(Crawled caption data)

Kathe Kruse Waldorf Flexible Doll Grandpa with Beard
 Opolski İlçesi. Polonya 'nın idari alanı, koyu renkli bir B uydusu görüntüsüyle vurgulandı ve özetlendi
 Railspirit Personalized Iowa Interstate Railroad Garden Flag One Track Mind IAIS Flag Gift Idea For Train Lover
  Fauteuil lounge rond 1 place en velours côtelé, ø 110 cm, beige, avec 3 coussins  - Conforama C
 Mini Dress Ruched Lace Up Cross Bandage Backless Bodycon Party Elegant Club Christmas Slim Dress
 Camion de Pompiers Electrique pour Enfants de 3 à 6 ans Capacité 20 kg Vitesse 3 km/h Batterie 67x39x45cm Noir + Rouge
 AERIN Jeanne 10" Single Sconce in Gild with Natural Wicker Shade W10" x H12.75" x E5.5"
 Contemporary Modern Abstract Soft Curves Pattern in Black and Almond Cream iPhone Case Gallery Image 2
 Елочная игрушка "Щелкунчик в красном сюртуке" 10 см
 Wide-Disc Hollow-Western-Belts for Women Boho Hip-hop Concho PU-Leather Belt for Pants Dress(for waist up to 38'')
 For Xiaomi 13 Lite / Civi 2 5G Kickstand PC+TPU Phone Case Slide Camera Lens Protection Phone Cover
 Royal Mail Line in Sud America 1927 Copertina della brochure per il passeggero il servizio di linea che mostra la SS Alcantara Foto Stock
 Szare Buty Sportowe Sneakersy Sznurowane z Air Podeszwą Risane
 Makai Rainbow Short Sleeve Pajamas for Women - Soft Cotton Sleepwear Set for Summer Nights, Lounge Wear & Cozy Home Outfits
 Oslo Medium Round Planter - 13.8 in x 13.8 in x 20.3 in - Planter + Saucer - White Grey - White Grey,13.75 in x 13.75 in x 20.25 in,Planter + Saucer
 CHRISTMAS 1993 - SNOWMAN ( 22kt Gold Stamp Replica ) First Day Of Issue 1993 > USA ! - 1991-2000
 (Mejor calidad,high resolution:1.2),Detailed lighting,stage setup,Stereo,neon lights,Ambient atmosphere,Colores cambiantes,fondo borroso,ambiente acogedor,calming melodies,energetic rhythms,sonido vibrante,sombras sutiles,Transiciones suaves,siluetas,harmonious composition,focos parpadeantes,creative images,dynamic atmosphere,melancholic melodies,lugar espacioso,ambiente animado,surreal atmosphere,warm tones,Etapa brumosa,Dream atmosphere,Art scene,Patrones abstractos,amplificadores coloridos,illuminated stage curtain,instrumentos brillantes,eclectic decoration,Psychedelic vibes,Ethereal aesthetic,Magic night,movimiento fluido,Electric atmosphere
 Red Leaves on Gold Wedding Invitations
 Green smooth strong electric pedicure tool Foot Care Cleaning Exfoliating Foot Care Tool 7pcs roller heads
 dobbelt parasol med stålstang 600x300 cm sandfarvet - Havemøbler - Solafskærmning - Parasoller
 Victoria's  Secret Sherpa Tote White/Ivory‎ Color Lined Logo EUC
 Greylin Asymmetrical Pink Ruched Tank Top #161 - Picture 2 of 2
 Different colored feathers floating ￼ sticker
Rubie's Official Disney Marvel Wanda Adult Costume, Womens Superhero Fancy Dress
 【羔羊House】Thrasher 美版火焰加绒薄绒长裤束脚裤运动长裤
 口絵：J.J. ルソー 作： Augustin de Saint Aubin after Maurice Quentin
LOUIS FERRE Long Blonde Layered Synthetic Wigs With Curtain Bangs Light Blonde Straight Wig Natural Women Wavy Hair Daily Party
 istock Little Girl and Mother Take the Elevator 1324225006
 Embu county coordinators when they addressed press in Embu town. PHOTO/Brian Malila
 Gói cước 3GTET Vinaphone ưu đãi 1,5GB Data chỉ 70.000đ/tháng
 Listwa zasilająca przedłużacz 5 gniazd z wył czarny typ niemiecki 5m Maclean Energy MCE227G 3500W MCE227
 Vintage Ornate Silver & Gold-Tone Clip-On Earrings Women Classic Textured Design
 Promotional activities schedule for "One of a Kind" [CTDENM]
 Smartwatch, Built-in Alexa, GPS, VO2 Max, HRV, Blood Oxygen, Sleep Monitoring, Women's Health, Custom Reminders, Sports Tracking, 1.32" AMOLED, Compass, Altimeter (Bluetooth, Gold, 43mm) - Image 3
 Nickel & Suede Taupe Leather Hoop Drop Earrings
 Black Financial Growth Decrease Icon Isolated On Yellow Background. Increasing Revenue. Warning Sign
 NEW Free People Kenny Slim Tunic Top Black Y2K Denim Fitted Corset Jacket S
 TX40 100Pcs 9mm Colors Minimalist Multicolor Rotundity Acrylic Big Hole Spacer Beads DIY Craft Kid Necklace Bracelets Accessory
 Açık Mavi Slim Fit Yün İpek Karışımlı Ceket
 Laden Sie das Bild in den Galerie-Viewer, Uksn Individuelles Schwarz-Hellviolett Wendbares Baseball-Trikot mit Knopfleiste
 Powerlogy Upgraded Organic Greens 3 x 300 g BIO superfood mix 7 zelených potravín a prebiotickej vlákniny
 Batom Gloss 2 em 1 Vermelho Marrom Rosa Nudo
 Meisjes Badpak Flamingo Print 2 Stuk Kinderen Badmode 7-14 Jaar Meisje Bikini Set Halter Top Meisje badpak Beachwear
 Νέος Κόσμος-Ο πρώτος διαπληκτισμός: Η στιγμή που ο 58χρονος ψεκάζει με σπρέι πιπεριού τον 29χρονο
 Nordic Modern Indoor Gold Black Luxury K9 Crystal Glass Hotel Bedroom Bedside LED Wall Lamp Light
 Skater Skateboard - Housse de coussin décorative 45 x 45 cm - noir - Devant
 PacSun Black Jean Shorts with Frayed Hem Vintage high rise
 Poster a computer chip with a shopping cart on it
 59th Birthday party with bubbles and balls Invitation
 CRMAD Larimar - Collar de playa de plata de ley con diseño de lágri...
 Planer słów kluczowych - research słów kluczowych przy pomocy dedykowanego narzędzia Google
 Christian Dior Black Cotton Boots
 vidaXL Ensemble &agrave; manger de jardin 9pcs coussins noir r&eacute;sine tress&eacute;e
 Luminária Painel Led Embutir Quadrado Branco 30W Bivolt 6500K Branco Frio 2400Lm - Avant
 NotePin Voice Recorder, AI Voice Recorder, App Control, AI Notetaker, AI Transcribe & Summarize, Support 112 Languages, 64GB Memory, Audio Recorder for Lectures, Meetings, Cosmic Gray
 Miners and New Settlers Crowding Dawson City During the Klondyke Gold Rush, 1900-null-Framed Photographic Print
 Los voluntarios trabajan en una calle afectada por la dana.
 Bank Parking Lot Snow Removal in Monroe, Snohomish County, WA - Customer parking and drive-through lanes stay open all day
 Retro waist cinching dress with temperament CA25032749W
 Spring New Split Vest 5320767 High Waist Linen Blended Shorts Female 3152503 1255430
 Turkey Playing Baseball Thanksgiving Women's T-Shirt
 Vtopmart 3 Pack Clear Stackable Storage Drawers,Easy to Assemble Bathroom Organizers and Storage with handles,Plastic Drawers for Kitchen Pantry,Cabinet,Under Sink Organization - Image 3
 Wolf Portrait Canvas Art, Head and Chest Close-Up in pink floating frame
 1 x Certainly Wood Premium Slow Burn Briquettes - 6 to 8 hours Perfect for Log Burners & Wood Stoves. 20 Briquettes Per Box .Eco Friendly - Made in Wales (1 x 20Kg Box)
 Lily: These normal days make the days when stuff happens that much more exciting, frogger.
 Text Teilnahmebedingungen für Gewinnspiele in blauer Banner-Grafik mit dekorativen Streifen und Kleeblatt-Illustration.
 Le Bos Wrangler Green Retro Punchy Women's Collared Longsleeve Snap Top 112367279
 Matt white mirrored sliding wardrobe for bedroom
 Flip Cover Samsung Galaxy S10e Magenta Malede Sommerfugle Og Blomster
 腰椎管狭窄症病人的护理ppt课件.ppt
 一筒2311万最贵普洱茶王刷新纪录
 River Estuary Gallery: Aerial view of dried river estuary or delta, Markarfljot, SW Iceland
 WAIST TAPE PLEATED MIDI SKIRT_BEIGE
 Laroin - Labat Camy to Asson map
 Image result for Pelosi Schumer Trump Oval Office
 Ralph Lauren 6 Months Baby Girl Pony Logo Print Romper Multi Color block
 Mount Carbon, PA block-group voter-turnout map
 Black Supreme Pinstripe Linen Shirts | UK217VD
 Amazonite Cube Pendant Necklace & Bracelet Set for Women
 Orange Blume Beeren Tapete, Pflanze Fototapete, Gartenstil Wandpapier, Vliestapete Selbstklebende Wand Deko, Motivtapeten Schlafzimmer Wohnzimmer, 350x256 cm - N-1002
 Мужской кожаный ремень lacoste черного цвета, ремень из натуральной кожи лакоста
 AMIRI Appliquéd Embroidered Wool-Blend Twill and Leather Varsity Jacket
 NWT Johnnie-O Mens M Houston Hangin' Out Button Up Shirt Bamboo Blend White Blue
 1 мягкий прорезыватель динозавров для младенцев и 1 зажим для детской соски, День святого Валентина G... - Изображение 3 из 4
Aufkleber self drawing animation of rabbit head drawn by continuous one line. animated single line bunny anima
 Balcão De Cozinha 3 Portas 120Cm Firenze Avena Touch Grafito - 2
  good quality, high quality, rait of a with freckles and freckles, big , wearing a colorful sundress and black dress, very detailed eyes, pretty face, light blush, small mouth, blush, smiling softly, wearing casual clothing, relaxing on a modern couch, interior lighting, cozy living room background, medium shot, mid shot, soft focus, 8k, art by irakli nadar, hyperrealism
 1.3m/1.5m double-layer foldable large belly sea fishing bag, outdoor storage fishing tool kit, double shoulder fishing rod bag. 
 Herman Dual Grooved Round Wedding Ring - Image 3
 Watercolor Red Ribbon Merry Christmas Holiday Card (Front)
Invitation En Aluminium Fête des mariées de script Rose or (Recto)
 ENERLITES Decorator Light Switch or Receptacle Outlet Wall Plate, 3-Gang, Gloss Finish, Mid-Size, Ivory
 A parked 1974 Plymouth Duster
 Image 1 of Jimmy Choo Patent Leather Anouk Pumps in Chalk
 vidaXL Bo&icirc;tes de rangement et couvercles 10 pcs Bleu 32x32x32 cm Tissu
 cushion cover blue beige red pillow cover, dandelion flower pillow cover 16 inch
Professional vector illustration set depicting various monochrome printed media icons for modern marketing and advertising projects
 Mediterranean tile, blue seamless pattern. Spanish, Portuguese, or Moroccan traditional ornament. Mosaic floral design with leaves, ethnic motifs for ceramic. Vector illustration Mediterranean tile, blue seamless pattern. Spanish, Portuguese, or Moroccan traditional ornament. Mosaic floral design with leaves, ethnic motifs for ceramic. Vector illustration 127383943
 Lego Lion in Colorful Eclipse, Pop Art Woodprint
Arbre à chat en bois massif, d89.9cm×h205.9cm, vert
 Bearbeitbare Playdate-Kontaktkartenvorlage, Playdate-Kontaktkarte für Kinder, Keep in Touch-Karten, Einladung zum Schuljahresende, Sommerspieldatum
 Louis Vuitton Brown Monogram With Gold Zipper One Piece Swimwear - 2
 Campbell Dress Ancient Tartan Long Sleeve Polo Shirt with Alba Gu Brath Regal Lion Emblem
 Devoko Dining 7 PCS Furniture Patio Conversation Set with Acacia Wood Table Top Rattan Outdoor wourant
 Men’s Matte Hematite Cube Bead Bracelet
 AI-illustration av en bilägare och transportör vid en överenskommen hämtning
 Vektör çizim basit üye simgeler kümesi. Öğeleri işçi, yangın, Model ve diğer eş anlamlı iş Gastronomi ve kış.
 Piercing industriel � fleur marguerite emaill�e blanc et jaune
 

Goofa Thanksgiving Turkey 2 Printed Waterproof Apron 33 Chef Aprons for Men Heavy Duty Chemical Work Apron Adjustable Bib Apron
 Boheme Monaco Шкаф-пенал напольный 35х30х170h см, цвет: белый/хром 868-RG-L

[Your instructions] Copy nothing beyond the line containing "CHRISTMAS 1993 - SNOWMAN". Transcribe exactly from the first line of the entries down to that line, inclusive.

[Task solution]
Kathe Kruse Waldorf Flexible Doll Grandpa with Beard
 Opolski İlçesi. Polonya 'nın idari alanı, koyu renkli bir B uydusu görüntüsüyle vurgulandı ve özetlendi
 Railspirit Personalized Iowa Interstate Railroad Garden Flag One Track Mind IAIS Flag Gift Idea For Train Lover
  Fauteuil lounge rond 1 place en velours côtelé, ø 110 cm, beige, avec 3 coussins  - Conforama C
 Mini Dress Ruched Lace Up Cross Bandage Backless Bodycon Party Elegant Club Christmas Slim Dress
 Camion de Pompiers Electrique pour Enfants de 3 à 6 ans Capacité 20 kg Vitesse 3 km/h Batterie 67x39x45cm Noir + Rouge
 AERIN Jeanne 10" Single Sconce in Gild with Natural Wicker Shade W10" x H12.75" x E5.5"
 Contemporary Modern Abstract Soft Curves Pattern in Black and Almond Cream iPhone Case Gallery Image 2
 Елочная игрушка "Щелкунчик в красном сюртуке" 10 см
 Wide-Disc Hollow-Western-Belts for Women Boho Hip-hop Concho PU-Leather Belt for Pants Dress(for waist up to 38'')
 For Xiaomi 13 Lite / Civi 2 5G Kickstand PC+TPU Phone Case Slide Camera Lens Protection Phone Cover
 Royal Mail Line in Sud America 1927 Copertina della brochure per il passeggero il servizio di linea che mostra la SS Alcantara Foto Stock
 Szare Buty Sportowe Sneakersy Sznurowane z Air Podeszwą Risane
 Makai Rainbow Short Sleeve Pajamas for Women - Soft Cotton Sleepwear Set for Summer Nights, Lounge Wear & Cozy Home Outfits
 Oslo Medium Round Planter - 13.8 in x 13.8 in x 20.3 in - Planter + Saucer - White Grey - White Grey,13.75 in x 13.75 in x 20.25 in,Planter + Saucer
 CHRISTMAS 1993 - SNOWMAN ( 22kt Gold Stamp Replica ) First Day Of Issue 1993 > USA ! - 1991-2000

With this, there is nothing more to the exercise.